Inside is a heavy duty cardboard box featuring the card and a tray underneath which houses the certificate, literature, Sli bridge, DVI video and PCIe power adapters and software disc.
MSI also include a VRM heatsink for watercooling or liquid nitrogen overclocking. Most people are unlikely to touch this, but it is a lovely addition for the hard core overclocking audience. To further facilitate the overclocking audience, MSI include 3 voltage measurement cables.
This is a very heavy graphics card, immediately noticeable when you lift it out of the box. It is built on a black PCB and the center fan in front is yellow – a complete contrast against the two black fans sandwiching it.
This card actually takes slightly more than 2 slots in a system, due to the cooler extension above the slot cover. The GPU reactor slightly increases the thickness of the card.
There is special software included on the disc which allows the end user to tweak fan settings for each of the three fans. In this way you can tune the noise levels against cooling proficiency – especially useful if you want to manually overclock the core further. We look at this in more detail later in the review.
The two outer fans are 90mm models, and the central fan is an 80mm model. They use Propeller Blade Technology to improve airflow.
There are three positions on this side of the card to attach the voltage measure cables. Due to the complex fan configuration options, there are multiple fan headers built into this custom PCB.

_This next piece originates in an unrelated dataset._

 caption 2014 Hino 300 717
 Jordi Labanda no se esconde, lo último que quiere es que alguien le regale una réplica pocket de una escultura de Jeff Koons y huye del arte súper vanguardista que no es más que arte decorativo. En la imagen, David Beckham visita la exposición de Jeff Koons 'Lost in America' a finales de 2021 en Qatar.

The card takes power from two 8 pin PCIe connectors, as shown above.
The GTX780 is Sli capable in 2 and 3 way configurations.
The card has two DVI ports, a single DisplayPort and a single HDMI port. All outputs can be used simultaneously, so triple monitor gaming is possible with only one card. HDMI is supported by audio, it is HDMI 1.4a compatible.
This isn’t the first time we have seen the MSI GPU Reactor and it basically provides additional filtering for the GPU voltage to enhance overclocking potential and stability of the board under load.
The MSI GTX780 Lightning ships with a backplate on the rear of the PCB. This not only protects the card from accident damage but helps to eliminate heat generated by PWM. It is quite straightforward to remove, although you need to make sure the GPU Reactor is already safely out of the way.
This is a very impressive cooler. The base is Nickel plated copper – the best you can get right now. There are 7 x 8mm heatpipes which run level along the full length of the cooler into the rows of aluminum fins on either side.
As we can see, the GTX780 Lightning is a completely proprietary design with a very sophisticated 20 (16+3+1) power delivery system. This card multiplexes the signal from the PWM and receives two sets of feedback. There is also a LN2 mode switch which increases the Core power Limit from 200W to 900W, and the 240A current limit to 800A. It is important not to touch this unless you are actually using liquid nitrogen.
The MSI GTX GTX780 Lightning Edition is heavily overclocked from 863mhz core to 980mhz core, with a turbo speed of 1033mhz+. The GK110 core is built on a 28nm process. The 3GB of GDDR5 memory is running at the reference speeds of 1,502mhz (6Gbps effective) and is connected via a wide 384 bit memory interface. It has 2,304 CUDA cores, 48 ROPs and 192 TMU’s.